A Rome, il travaille dans l’atelier du Cavalier d’Arpin puis pour le Cardinal del Monte. C’est pour lui qu’il réalisa la plupart de ses premières toiles, représentant des sujets le plus souvent profanes: natures mortes, scènes de genres et portraits.

Sujets religieux

En 1600, grâce à ses amitiés dans le milieu pro-français, il obtient la commande de la Vocation et du Martyre de saint Matthieu. Cette première grande commande de sujets religieux marque le principal tournant de sa carrière, lui permettant ainsi de démontrer sa capacité à traiter cette thématique.

Les visiteurs de l’église Saint-Louis-des-Français de Rome connaissent bien le Caravage grâce à La Vocation et Le Martyre de saint Matthieu, ainsi que Saint Matthieu et l’Ange réalisés pour la chapelle Contarelli.

Les papes François et Benoît XVI ont évoqué plusieurs fois la Vocation de Matthieu, comme rappelle cette page de Saint-Louis-des-Français, église où le pape Bergoglio avait coutume de se rendre quand il venait à Rome.

En fuite

Son approche des sujets religieux est aussi ambivalente que la vie en clair-obscur qu’il mène entre les salons des princes et les bagarres de rue. Cette attitude le rend inclassable. Il n’est pas contestataire pas plus qu’il ne va dans le sens de l’édification de la foi.

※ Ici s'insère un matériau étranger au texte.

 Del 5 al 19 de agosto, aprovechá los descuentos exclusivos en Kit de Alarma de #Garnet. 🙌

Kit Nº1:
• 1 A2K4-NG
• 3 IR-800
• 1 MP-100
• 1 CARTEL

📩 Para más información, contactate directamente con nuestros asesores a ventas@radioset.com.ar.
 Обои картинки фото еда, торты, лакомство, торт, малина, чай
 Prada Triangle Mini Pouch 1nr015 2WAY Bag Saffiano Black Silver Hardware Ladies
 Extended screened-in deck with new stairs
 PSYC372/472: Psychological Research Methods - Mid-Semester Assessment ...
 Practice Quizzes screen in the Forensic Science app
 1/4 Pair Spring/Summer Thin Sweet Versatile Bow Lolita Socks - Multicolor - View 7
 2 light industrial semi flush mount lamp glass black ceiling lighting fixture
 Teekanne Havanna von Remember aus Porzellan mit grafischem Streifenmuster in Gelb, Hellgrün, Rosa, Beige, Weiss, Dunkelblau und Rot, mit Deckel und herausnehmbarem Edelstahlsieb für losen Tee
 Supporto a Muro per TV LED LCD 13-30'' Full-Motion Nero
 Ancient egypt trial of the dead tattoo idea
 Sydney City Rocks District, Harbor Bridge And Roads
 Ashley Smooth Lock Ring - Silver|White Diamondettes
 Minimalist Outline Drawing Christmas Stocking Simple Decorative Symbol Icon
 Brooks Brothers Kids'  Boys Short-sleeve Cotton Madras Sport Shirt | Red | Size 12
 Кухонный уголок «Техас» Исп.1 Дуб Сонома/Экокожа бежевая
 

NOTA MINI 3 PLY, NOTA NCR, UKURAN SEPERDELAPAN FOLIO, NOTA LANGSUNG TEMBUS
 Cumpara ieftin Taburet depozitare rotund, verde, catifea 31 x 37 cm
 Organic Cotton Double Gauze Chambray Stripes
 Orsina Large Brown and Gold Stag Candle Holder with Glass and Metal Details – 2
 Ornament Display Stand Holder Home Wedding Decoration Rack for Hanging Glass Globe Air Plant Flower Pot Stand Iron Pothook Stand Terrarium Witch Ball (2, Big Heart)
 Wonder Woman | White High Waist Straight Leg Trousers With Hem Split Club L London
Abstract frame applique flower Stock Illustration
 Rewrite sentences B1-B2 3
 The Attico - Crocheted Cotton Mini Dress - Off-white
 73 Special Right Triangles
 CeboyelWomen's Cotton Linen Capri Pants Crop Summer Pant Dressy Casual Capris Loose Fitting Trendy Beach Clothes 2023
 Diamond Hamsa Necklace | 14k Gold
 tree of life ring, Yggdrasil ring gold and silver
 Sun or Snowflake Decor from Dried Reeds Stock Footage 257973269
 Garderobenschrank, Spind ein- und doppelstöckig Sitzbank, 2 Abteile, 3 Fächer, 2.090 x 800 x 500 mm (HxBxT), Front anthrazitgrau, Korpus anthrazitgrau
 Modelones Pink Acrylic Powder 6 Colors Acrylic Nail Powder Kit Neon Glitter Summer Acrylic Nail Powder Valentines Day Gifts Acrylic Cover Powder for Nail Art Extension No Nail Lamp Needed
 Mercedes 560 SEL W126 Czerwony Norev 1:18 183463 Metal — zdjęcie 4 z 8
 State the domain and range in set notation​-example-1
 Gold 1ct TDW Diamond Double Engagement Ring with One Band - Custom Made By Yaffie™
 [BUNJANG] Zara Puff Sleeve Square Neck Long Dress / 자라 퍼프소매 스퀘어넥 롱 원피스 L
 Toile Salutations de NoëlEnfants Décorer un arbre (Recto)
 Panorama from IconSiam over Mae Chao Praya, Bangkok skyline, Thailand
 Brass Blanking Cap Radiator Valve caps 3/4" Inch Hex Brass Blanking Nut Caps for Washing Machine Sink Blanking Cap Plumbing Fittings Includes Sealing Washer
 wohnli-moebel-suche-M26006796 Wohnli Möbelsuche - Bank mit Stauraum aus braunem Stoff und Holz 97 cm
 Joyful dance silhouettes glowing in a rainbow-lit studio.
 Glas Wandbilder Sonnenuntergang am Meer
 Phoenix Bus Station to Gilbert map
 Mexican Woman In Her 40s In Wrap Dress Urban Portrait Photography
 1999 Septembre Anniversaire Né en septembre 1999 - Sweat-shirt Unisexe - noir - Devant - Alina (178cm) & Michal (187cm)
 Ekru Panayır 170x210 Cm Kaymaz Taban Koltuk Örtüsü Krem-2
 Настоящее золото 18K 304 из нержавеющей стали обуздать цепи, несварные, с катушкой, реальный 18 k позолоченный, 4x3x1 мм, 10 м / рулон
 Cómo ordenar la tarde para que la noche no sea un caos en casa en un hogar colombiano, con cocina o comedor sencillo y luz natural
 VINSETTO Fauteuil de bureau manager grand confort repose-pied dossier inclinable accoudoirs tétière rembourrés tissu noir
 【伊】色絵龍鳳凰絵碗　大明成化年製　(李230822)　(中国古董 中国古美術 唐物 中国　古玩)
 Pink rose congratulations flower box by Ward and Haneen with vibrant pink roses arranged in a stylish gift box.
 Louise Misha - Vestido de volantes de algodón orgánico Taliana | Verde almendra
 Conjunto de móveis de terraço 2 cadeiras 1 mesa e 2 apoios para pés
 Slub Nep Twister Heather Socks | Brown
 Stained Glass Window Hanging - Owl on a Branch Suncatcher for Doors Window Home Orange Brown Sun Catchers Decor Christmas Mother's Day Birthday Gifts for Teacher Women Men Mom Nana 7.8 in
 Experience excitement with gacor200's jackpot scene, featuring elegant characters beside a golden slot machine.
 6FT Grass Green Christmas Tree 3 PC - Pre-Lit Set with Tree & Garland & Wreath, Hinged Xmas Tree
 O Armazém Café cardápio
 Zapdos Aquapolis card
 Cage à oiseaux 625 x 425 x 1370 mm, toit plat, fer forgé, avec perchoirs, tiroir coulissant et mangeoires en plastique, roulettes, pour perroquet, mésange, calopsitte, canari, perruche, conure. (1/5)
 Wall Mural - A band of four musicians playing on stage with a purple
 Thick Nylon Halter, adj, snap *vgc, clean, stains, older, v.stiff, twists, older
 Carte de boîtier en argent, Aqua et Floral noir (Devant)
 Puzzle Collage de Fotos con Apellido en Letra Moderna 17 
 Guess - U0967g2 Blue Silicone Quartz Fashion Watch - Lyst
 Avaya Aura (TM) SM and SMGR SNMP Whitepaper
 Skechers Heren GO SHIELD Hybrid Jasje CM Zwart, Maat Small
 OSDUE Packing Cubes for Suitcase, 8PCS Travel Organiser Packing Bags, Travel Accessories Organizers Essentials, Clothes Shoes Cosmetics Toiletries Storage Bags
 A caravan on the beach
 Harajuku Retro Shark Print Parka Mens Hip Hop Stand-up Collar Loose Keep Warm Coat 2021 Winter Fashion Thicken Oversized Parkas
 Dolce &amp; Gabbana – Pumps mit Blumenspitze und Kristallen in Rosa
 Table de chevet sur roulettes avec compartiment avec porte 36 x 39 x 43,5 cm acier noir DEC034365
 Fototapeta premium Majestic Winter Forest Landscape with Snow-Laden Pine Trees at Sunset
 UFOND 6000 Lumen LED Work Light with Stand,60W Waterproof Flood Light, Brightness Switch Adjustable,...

Plus qu’une manière picturale, le clair-obscur pourrait être le reflet de sa propre recherche spirituelle.

Condamné à mort par contumace, il passera ses quatre dernières années à fuir sans jamais cesser de peindre. Il est même souvent parvenu à vendre ses toiles à des prix très élevés. Sans renier le style de ses peintures romaines, il évite l’ironie et l’insolence, et l’on peut dire qu’il cherche même à exprimer son repentir.

Caravage fuit d’abord dans le Latium, puis trouve refuge à Naples où il demeure un an avant de partir pour l’île de Malte. Là, il parvient à devenir chevalier de l’Ordre de Malte. Sans doute parce qu’on apprend qu’il est un meurtrier, il est destitué et emprisonné. Le peintre s’échappe pour trouver refuge à Messine puis à Palerme avant de retourner à Naples.

Jamais Caravage n’a cessé d’espérer une grâce de la part du pape, et c’est sur la route qui le conduit vers Rome, où il allait tenter de convaincre le pontife de son repentir qu’il meurt, le 18 juillet 1610 sur la plage de Porto Ercole, dans des circonstances inconnues. (cath.ch/com/zenit/bh)

«Caravage à Rome, amis et ennemis», Musée Jacquemart-André, Paris. Du 21 septembre 2018 au 28 janvier 2019.